▶ _INSTRUCTIONS TO FOLLOW_
Take the lines from the one with "MENS NEW CONDITION" through the last line of the material below and write them out exactly, without any pictures.

▶ _GIVEN DATA_
+ + + + + + +

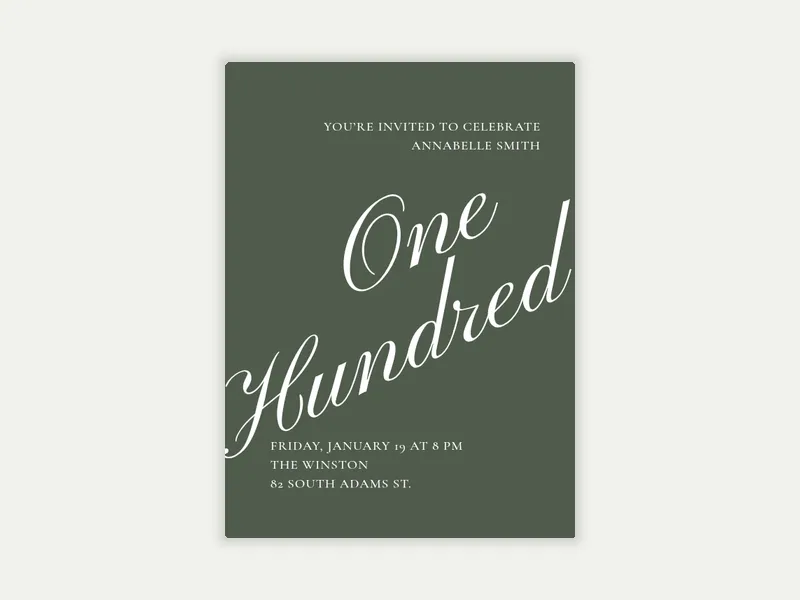 Cursive Numbers Invitation free template design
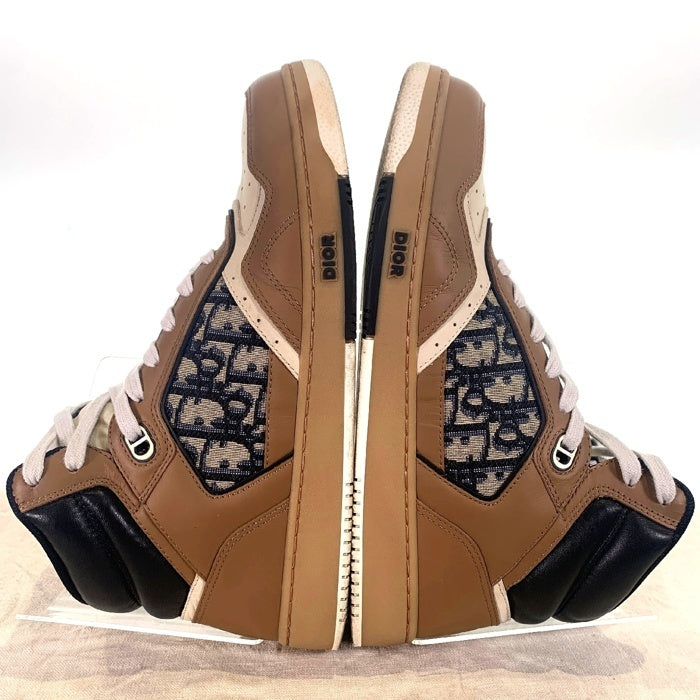 Dior HOMME ディオールオム オブリーク ミッド レザースニーカー ブラウン ホワイト DC1121 Size 42 (26-27cm) 福生店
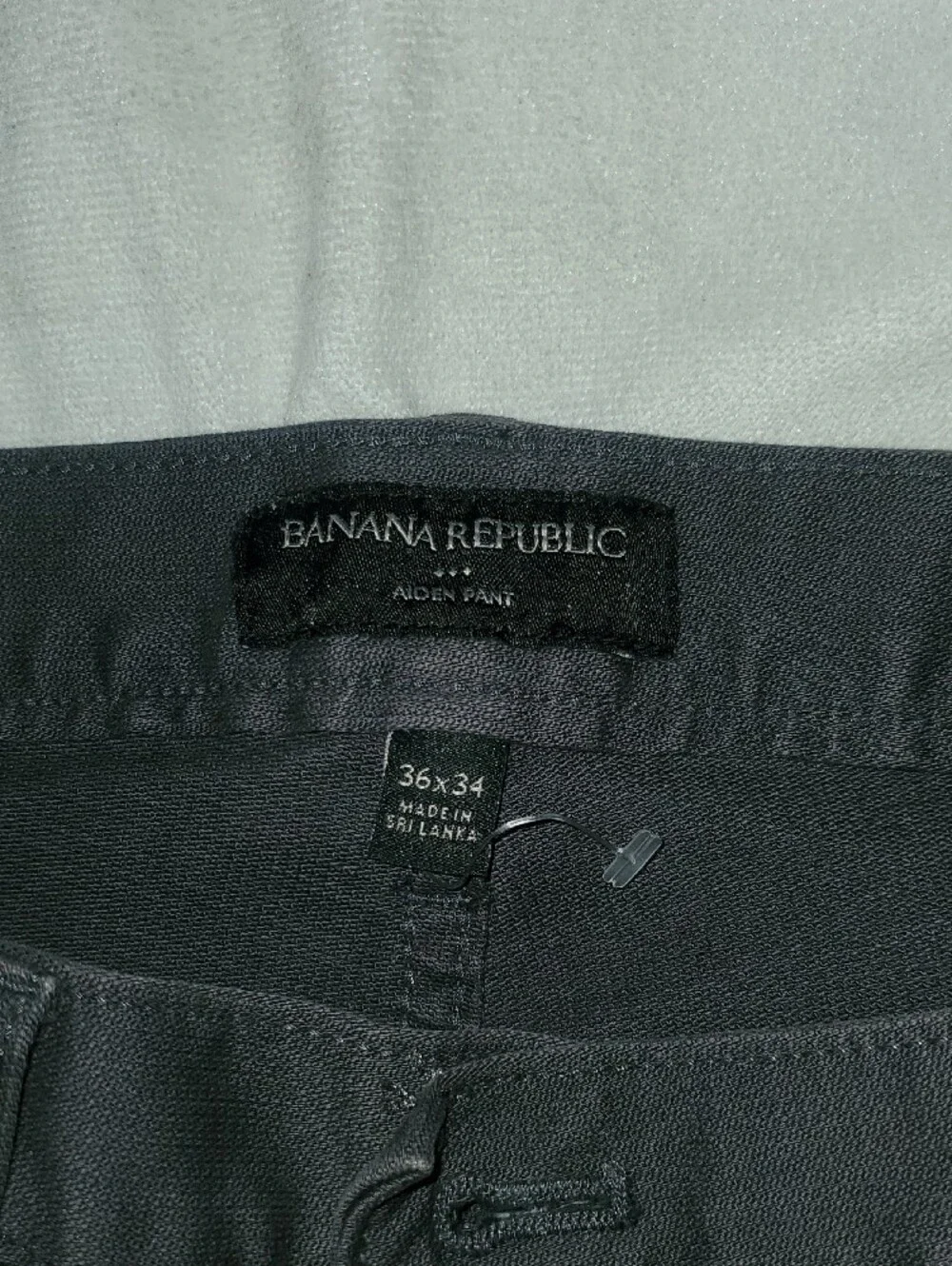 MENS NEW CONDITION BANANA REPUBLIC GREY DENIM AIDEN PANTS. SIZE 36×34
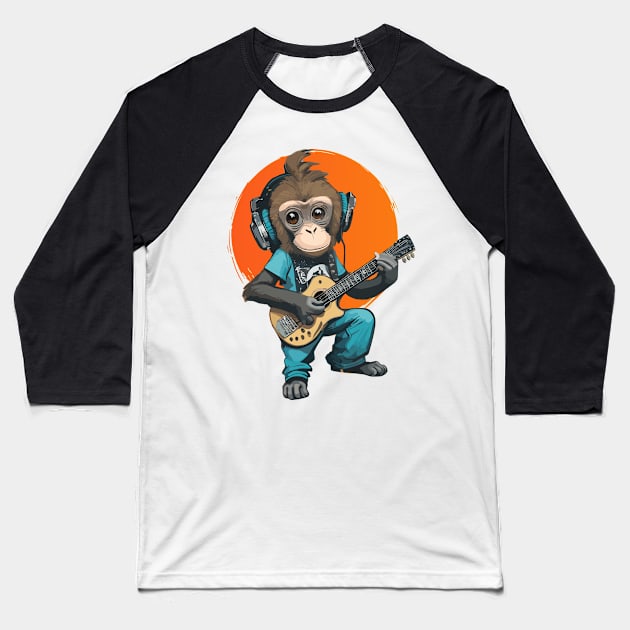 Monkey with headphone plays the guitar Baseball T-Shirt by ReaBelle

+ + + + + + +

▶ _RESULT_
 MENS NEW CONDITION BANANA REPUBLIC GREY DENIM AIDEN PANTS. SIZE 36×34
 Monkey with headphone plays the guitar Baseball T-Shirt by ReaBelle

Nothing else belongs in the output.